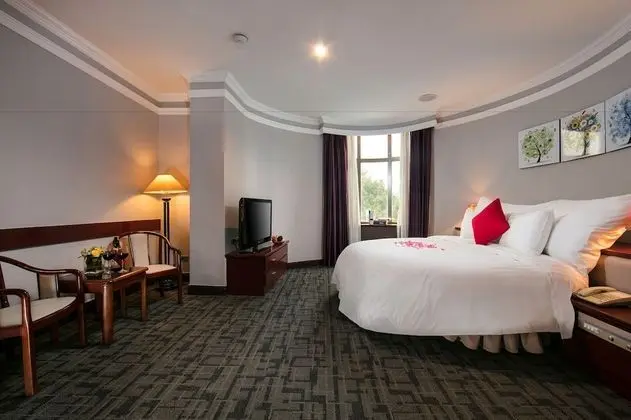 Honeymoon Oda, 1 Çift Kişilik Yatak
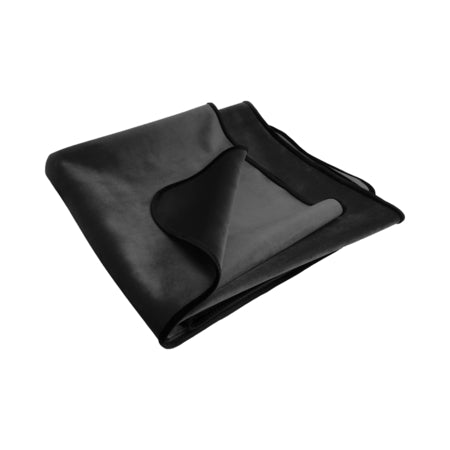 Liberator Fascinator Throw Mini Black - Not Very Vanilla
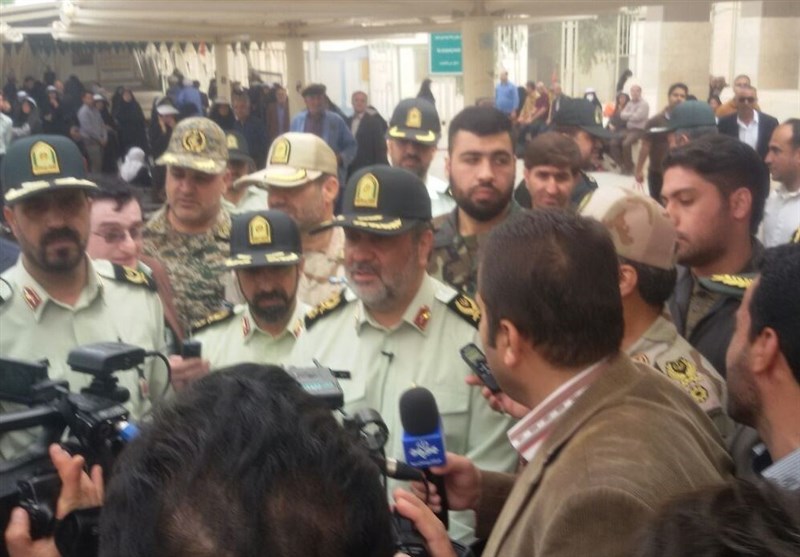 فرمانده ناجا در مهران: اتباع بیگانه از مرز شلمچه تردد کنند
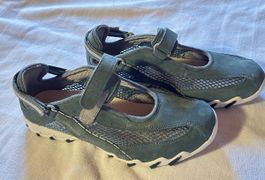 NeuAllrounder Outdoorschuhe, Hellblau Grösse 6.5 Top Zustand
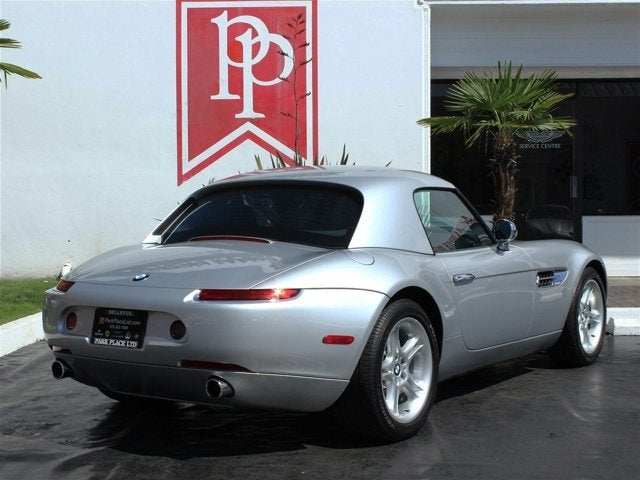 2002 BMW Z8 Z8 2dr Roadster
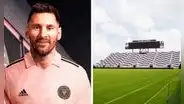 Lionel Messi será presentado en Inter Miami con inesperada 'fusión' entre estadios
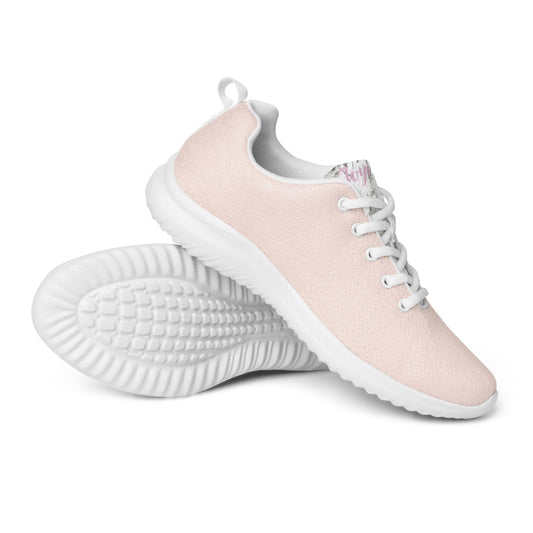 Angélique's Ballerina Pink Joyeux Trainers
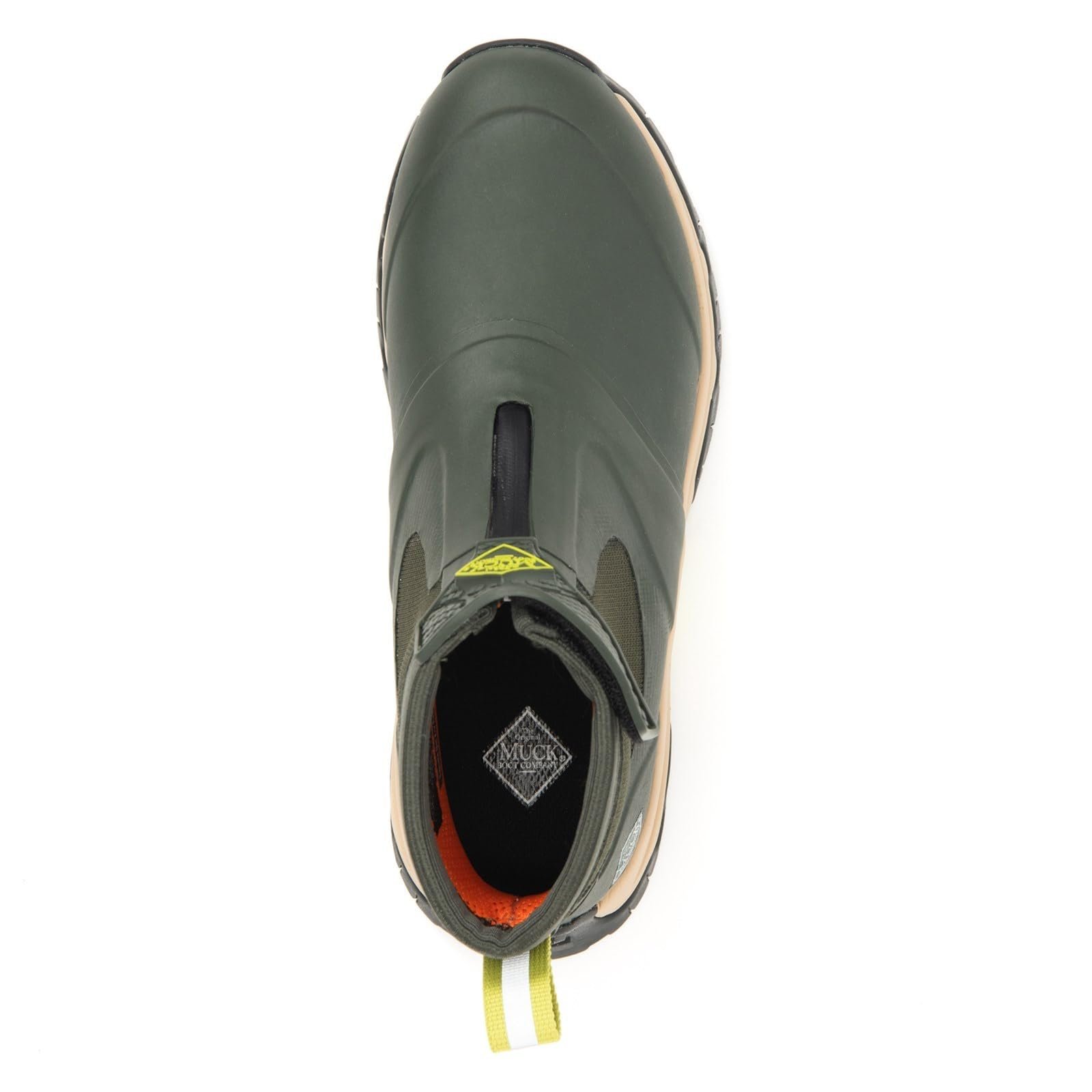 Сапоги резиновые Muck Boots Apex Mid Zip для мальчиков, фото №5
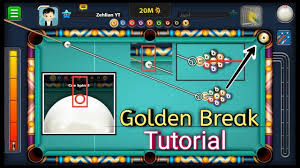 Do you like billiards and you often play with your friends? 8 Ball Pool Golden Break With Beginner Cue And Make Millions Of Free Coins 2018 By 8 Ball Pool Youtube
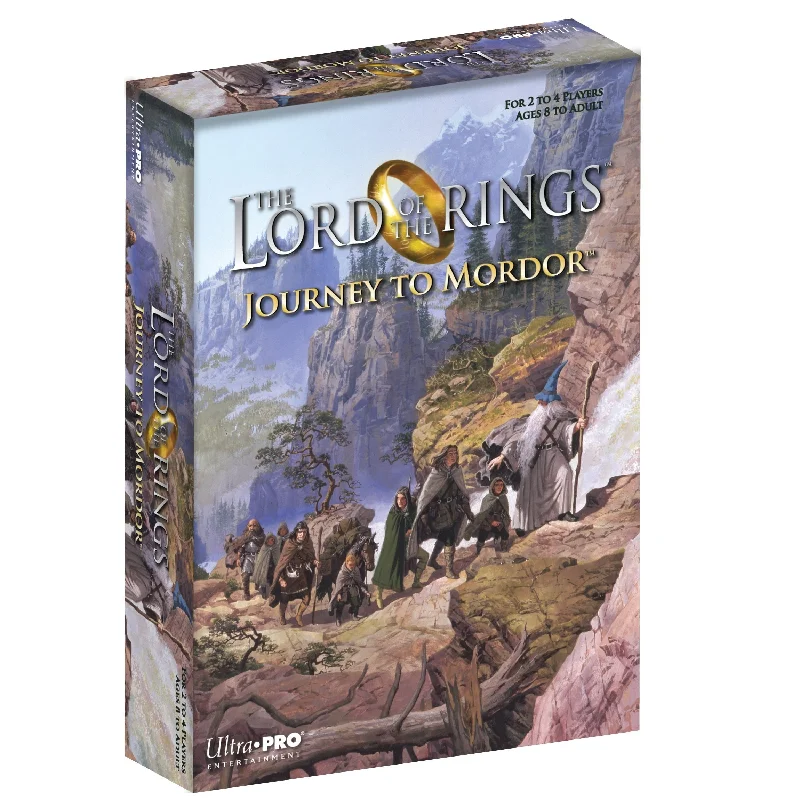 The Lord of the Rings: Journey to Mordor: Dice Game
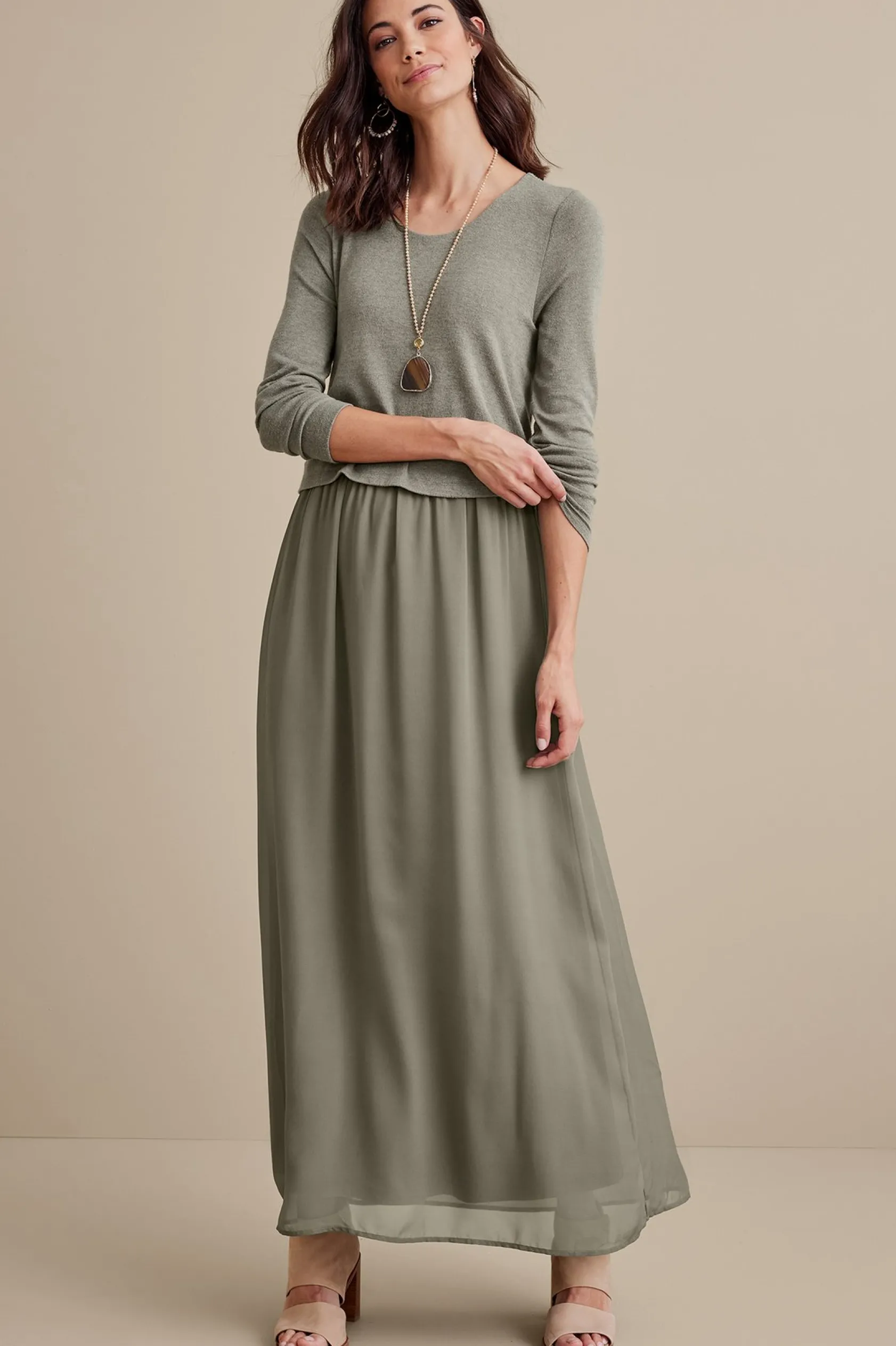 Soft Surroundings Cassie Dress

■ ■ ■ ■

◆ **PROBLEM DETAILS**
Return only the part above that opens with the line containing "Lionel Messi será" and closes with the line containing "Сапоги резиновые Muck", exactly and with both ends, skipping the pictures.

◆ **EXERCISE SOLUTION**
 Lionel Messi será presentado en Inter Miami con inesperada 'fusión' entre estadios
 Angélique's Ballerina Pink Joyeux Trainers
 Сапоги резиновые Muck Boots Apex Mid Zip для мальчиков, фото №5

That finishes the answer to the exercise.